Still, Suleyman’s framing is useful, though, when considered as a provocative tool meant to shift our paradigm of what AI could become, rather than a literal description. It pushes us to think more critically about the ethical framework and control mechanisms necessary as AI technologies become more advanced and integrated into everyday human activities. Is "digital species" the right metaphor? I don't know. How do you feel about limiting another species and keeping it under your control? But, I digress.

Another place where I think Suleyman's rosy vision of AI falls short is in his characterization of its foundations.

In the past, unlocking economic growth often came with huge downsides.
The economy expanded as people discovered new continents and opened up new frontiers. But they colonized populations at the same time.
We built factories, but they were grim and dangerous places to work.
We struck oil, but we polluted the planet.
Now because we are still designing and building AI, we have the potential and opportunity to do it better, radically better. And today, we're not discovering a new continent and plundering its resources. We're building one from scratch.

The problem is that Suleyman glosses over the many thorny ethical and societal issues that AI technology raises. Today's AI models have been trained on vast troves of data, including art, literature, and music, often obtained with questionable consent or compensation from the original creators. There are serious and legitimate concerns about data privacy, ownership rights, and fair compensation for those whose work has been used to train these models.

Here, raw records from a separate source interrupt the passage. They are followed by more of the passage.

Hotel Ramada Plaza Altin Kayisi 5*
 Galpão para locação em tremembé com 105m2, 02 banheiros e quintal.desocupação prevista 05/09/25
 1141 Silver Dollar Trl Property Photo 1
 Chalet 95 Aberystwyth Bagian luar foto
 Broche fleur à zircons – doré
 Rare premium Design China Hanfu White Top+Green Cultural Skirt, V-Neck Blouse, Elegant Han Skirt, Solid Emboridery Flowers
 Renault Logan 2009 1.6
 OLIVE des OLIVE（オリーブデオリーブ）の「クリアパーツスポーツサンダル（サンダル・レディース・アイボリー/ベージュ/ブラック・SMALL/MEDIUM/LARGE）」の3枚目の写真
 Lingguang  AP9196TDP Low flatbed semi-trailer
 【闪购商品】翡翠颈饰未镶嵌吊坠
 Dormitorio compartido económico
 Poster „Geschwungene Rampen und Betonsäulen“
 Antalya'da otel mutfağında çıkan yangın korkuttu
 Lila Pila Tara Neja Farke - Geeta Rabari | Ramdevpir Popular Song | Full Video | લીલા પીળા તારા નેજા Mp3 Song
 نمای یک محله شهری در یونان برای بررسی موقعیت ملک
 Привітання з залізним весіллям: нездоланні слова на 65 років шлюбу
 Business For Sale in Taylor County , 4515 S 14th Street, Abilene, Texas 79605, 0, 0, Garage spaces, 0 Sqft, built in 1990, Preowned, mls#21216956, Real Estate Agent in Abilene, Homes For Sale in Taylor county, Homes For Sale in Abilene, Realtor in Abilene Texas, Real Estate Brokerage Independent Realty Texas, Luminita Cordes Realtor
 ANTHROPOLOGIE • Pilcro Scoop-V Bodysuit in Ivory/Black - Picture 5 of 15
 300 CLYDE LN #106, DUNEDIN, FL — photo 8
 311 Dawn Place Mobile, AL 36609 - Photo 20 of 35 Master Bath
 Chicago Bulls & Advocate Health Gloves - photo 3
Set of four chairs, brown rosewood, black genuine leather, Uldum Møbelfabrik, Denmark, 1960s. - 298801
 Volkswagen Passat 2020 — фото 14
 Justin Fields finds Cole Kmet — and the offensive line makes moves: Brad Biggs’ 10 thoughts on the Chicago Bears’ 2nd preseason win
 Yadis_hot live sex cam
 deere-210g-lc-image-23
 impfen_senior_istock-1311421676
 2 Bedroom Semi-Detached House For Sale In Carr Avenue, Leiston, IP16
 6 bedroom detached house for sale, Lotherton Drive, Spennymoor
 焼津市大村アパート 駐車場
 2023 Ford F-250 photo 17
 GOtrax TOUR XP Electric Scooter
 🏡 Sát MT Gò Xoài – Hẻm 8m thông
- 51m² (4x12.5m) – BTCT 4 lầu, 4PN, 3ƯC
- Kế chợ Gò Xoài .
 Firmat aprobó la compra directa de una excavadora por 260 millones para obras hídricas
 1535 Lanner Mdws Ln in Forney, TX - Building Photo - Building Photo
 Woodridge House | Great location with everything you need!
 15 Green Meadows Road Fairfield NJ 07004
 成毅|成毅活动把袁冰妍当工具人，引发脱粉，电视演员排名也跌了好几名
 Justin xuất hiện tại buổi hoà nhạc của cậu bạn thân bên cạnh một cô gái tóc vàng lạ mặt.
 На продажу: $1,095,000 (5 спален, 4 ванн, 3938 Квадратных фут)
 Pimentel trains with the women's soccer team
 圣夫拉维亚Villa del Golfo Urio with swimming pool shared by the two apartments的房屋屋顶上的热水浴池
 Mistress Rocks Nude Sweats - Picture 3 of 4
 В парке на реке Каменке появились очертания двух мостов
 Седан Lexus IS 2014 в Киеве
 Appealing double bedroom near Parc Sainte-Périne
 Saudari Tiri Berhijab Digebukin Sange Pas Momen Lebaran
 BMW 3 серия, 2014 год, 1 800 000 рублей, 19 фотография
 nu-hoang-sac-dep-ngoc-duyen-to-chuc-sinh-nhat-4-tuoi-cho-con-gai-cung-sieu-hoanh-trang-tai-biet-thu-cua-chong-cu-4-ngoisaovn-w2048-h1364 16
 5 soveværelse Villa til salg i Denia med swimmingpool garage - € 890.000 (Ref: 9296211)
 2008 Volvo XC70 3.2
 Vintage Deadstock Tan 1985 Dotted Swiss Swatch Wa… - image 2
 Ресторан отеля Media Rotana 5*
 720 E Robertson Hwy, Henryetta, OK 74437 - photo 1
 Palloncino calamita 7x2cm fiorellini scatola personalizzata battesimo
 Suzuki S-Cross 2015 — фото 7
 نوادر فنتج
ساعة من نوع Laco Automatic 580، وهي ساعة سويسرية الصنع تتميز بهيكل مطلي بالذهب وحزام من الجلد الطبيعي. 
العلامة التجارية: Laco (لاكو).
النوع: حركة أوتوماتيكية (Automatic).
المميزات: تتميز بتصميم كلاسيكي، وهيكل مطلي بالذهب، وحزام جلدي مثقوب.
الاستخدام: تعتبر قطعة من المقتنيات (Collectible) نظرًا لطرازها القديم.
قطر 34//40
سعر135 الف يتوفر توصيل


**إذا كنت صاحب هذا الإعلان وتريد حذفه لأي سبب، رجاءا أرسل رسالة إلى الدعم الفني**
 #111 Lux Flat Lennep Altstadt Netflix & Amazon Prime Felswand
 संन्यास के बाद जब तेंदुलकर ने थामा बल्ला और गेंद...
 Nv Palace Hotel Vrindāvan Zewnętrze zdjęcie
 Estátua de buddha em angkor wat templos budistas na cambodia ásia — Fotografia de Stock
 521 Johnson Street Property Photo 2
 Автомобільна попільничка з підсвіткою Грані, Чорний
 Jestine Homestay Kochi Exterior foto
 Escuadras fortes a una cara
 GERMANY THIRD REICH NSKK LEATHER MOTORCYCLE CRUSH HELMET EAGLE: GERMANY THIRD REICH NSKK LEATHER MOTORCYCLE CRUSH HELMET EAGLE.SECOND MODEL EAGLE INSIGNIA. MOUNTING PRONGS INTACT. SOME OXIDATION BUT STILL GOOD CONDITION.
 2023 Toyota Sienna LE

Moreover, the potential for AI to disrupt and displace the livelihoods of the very people who provided the data on which it was trained cannot be ignored. If we are to embrace AI as our future, we must also include conversations about access, equity, and ensuring that the benefits of this technology are distributed fairly. Ultimately, "unlocking economic growth" with AI is likely to be messy and fraught with difficult choices just like previous periods in our histroy . 

Now, none of this is to say that AI isn't a transformative technology with immense potential for good. The possible applications in areas like healthcare, education, and sustainability are indeed exciting. But we need to approach the development and deployment of AI with clear eyes and a commitment to addressing its challenges and pitfalls.

Let me wrap up by stressing that I do not think this TED talk represents Suleyman's complete perspective on AI. TED is a specific stage and there is only so much that you can cover in 18 minutes. In fact, if you haven't already done so, you should definitely check out his book, "The Coming Wave".

I do think he is absolutely right that we need a robust public dialogue about the future we want to build with AI. Suleyman's talk, and the critical responses like mine that it invites, are all part of this essential discourse.